Hamilton City Council has committed to strengthening Māori representation and participation, including consideration of Māori wards, following the adoption of a wider strategy to improve outcomes for Māori.
Whether the council would introduce Māori wards for the 2022 election was debated by elected members at an extraordinary council meeting on April 1.
The debate was prompted by the upcoming introduction of the Local Electoral (Māori Wards and Māori Constituencies) Amendment Bill. The bill requires some councils to decide May 21 if Māori wards should be established for next year's local government elections.
Māori wards allow for members of council to be voted in by electors on the Māori roll.
Previously, if 5 per cent of a council's population challenged the introduction of Māori wards, a binding poll was required. That option is now being removed.
On Thursday last week Hamilton mayor Paula Southgate said while some good work had been done, she acknowledged the council had much more to do in improving meaningful participation for Māori across the city.
"But I could not, in all conscience, introduce Māori wards without having consulted with the wider community. I don't believe that would have achieved the right outcome, either for Māori or for the city. I am concerned a rushed process would divide our city, not enrich it.
"Today's decision commits council to continuing a very robust conversation which I believe will culminate in Māori wards in the near future. In the meantime, we can do a lot more across all areas of council to increase and improve Māori participation and we will be a better city for it."
The decision reaffirmed the council's commitment to He Pou Manawa Ora, a strategy which the council has consulted the community on but is yet to formally adopt. He Pou Manawa Ora covers issues ranging from city artworks to council policies.

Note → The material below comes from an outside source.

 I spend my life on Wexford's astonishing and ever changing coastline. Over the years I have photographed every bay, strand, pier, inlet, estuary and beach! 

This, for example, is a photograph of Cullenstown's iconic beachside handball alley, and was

The draft strategy's four 'pillars' or 'pou' of wellbeing – History, Unity, Prosperity and Restoration – are based on the Treaty of Waitangi (Te Tiriti o Waitangi) principles of partnership, participation, protection and prosperity.

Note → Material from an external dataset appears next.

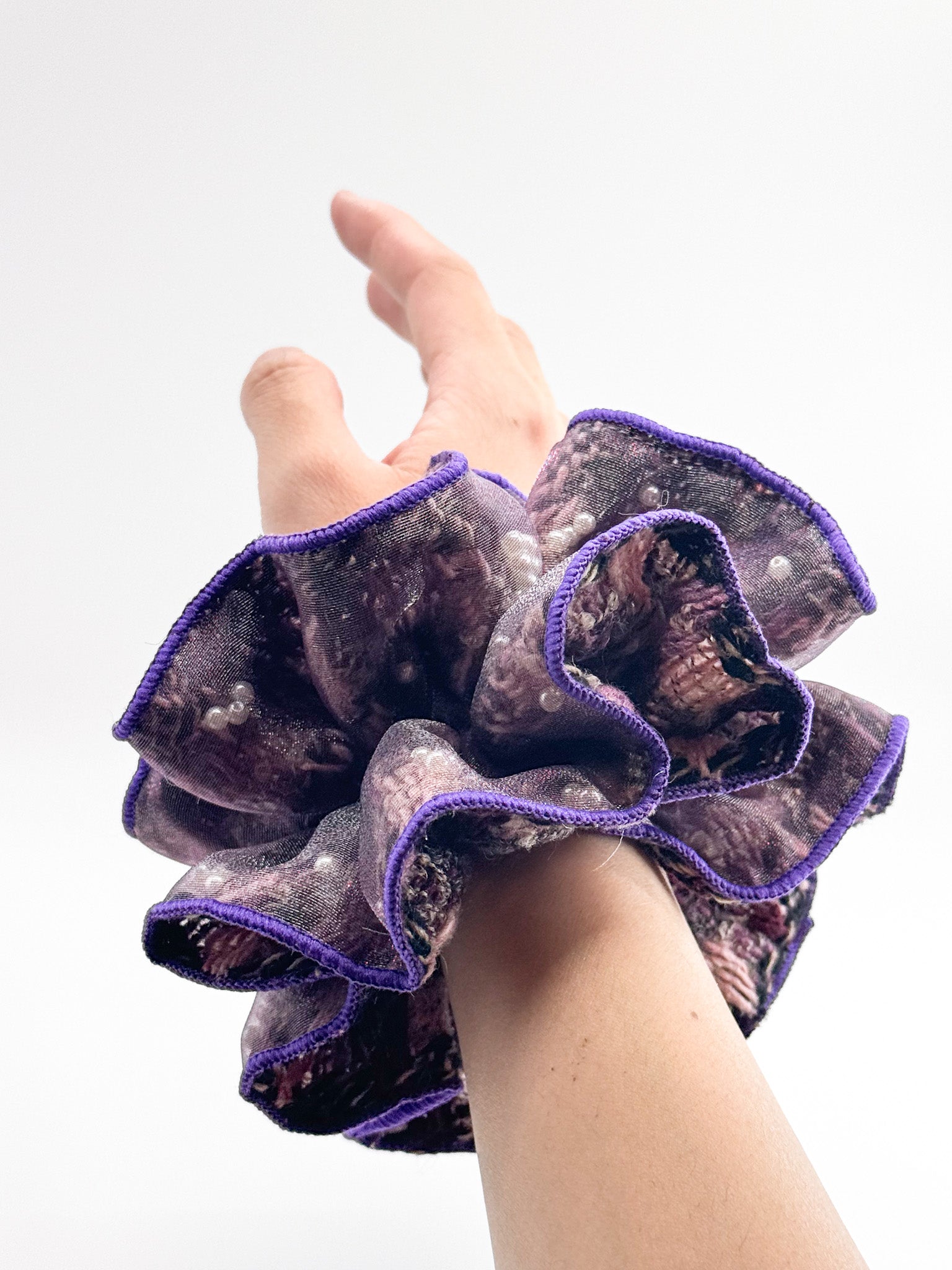 Hand wearing a purple-rimmed scrunchie on a white background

An updated version of the strategy based on community feedback will be considered by council's Community Committee on Tuesday, May 18.

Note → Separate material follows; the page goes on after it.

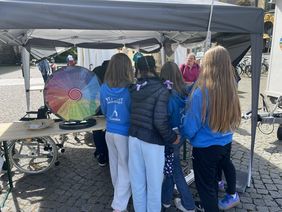 Ein Team von jungen Sportlerinnen stehen am Stand der LAG SH Sachsen beim Turnfest in Leipzig. Sie sind von hinten zu sehen und tragen blaue Sportjacken auf denen die Worte "Ingolstadt" und "Turnen" zu erkennen sind.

In the meantime, Southgate has asked the council to look at ways to strengthen its Māngai Māori model and the broader role of Māori in the decision-making process.
Since 2018, Māori have been represented on Hamilton City Council by five Māngai Māori (the voice of Māori ), who are nominated by iwi (Waikato-Tainui) and mātāwāka (Māori not of Waikato-Tainui descent) organisations and have voting rights on council committees, but not at full council meetings.